# Problem to work on
Copy exactly the lines of the data below, beginning with the line with "Women's brown bohemian" and ending with the line with "Браслет в виде". Pictures are to be omitted.

# Exercise data
◇ ◇ ◇

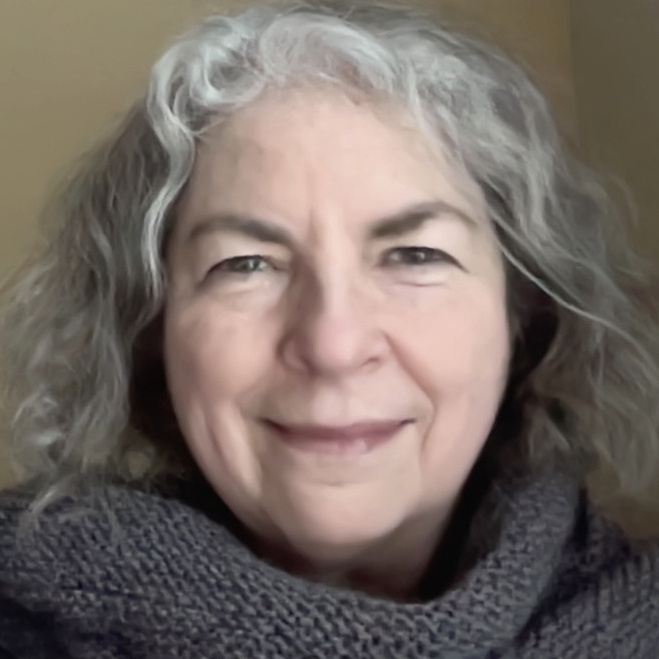 woman with white/brown curly hair smiling, knitted wrap on her shoulders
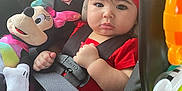 Brianna is registered to the contest to win money with this photo: baby, infant, child, car_seat, seatbelt, red_headband, bow, plush_toy, minnie_mouse, toy, car_interior, portrait, cheeks, wide_eyes, hand, buckle, clothing, safety_label, cute, travel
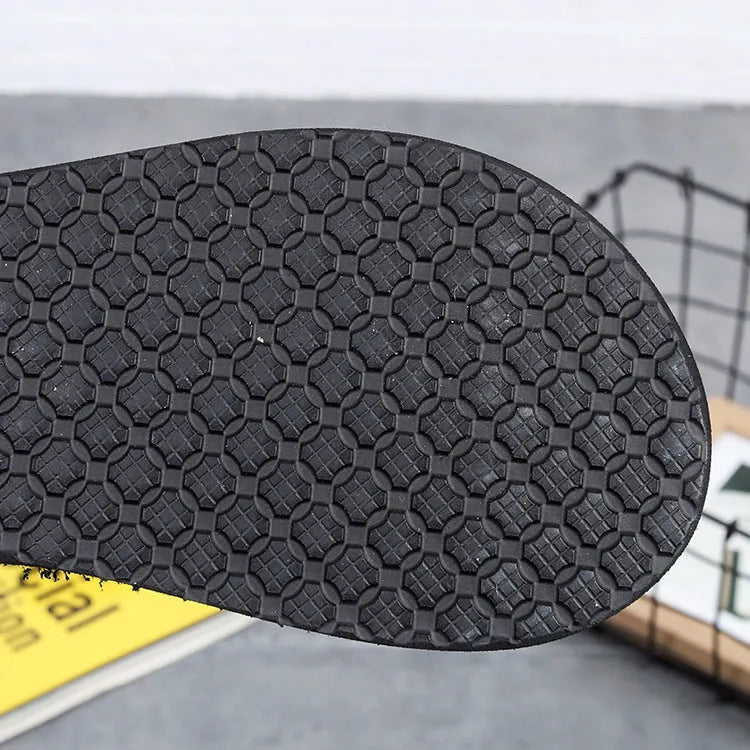 Women's brown bohemian slippers with elastic EVA upper and rubber sole on a wooden floor.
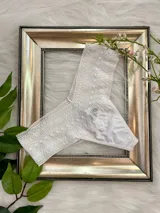 Bombacha blanca tipo tanga de algodón con encaje en la cintura.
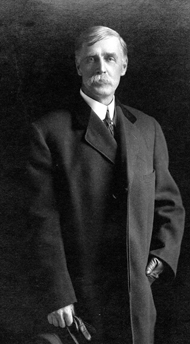 William Henry Jackson without glasses or goatee, wearing an overcoat.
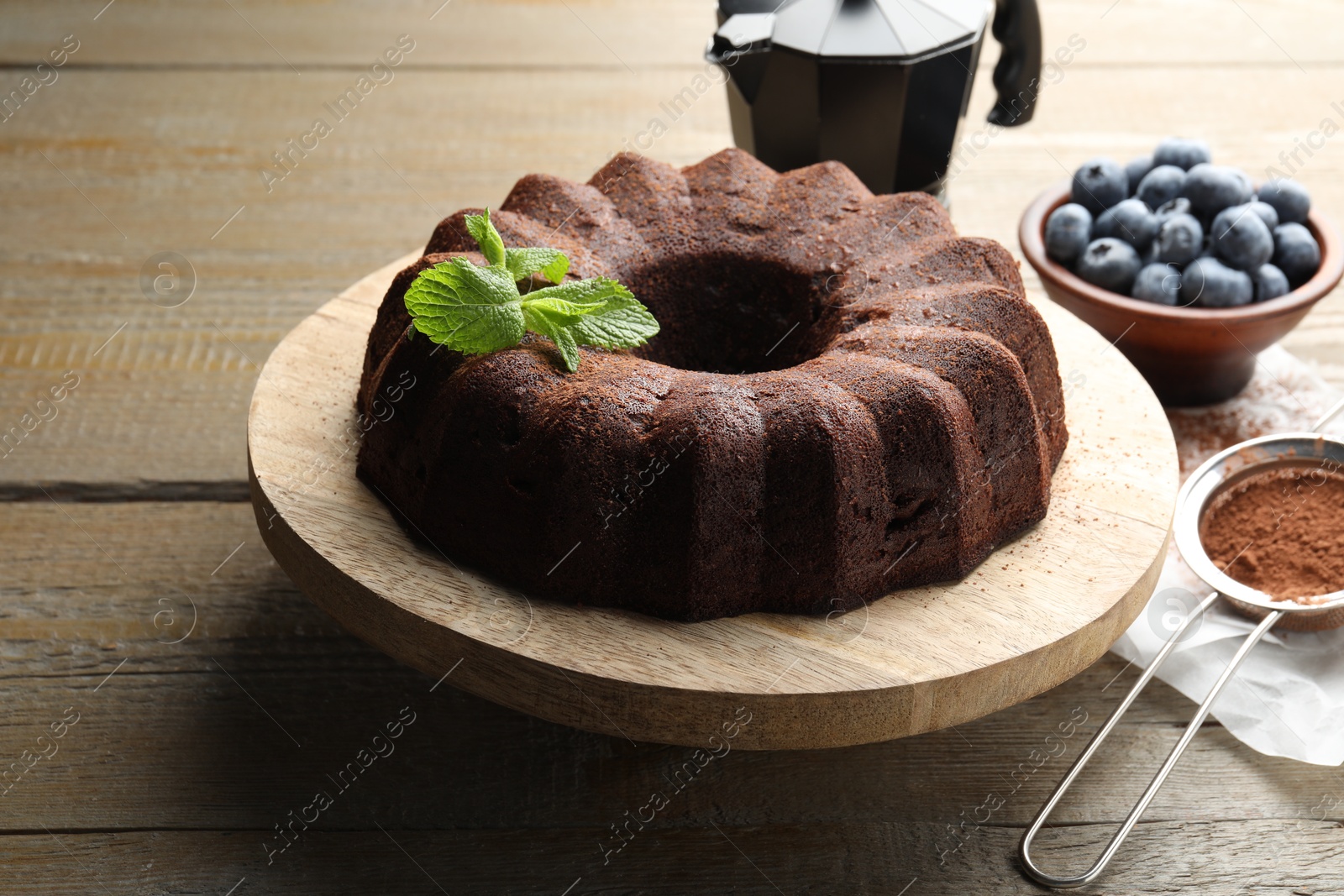 Tasty chocolate bundt cake with mint and blueberries on wooden table, closeup Photo of Tasty chocolate bundt cake with mint and blueberries on wooden table, closeup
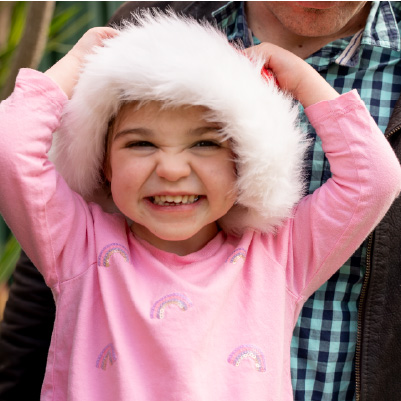 Abigail outside sitting on her dad's lap. She is wearing a fluffly christmas hat and a pink sweater with rainbows on it Abigail outside sitting on her dad's lap. She is wearing a fluffly christmas hat and a pink sweater with rainbows on it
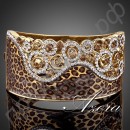Браслет в виде манжеты леопардовой расцветки с австрийскими кристаллами Stellux в настоящей позолоте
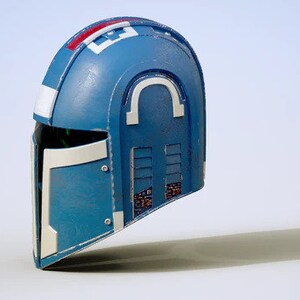 May include: A blue and white helmet with a visor and a series of rectangular vents on the side. The helmet has a white stripe with red accents on the top.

◇ ◇ ◇

# Answer space
 Women's brown bohemian slippers with elastic EVA upper and rubber sole on a wooden floor.
 Bombacha blanca tipo tanga de algodón con encaje en la cintura.
 William Henry Jackson without glasses or goatee, wearing an overcoat.
 Tasty chocolate bundt cake with mint and blueberries on wooden table, closeup Photo of Tasty chocolate bundt cake with mint and blueberries on wooden table, closeup
 Abigail outside sitting on her dad's lap. She is wearing a fluffly christmas hat and a pink sweater with rainbows on it Abigail outside sitting on her dad's lap. She is wearing a fluffly christmas hat and a pink sweater with rainbows on it
Браслет в виде манжеты леопардовой расцветки с австрийскими кристаллами Stellux в настоящей позолоте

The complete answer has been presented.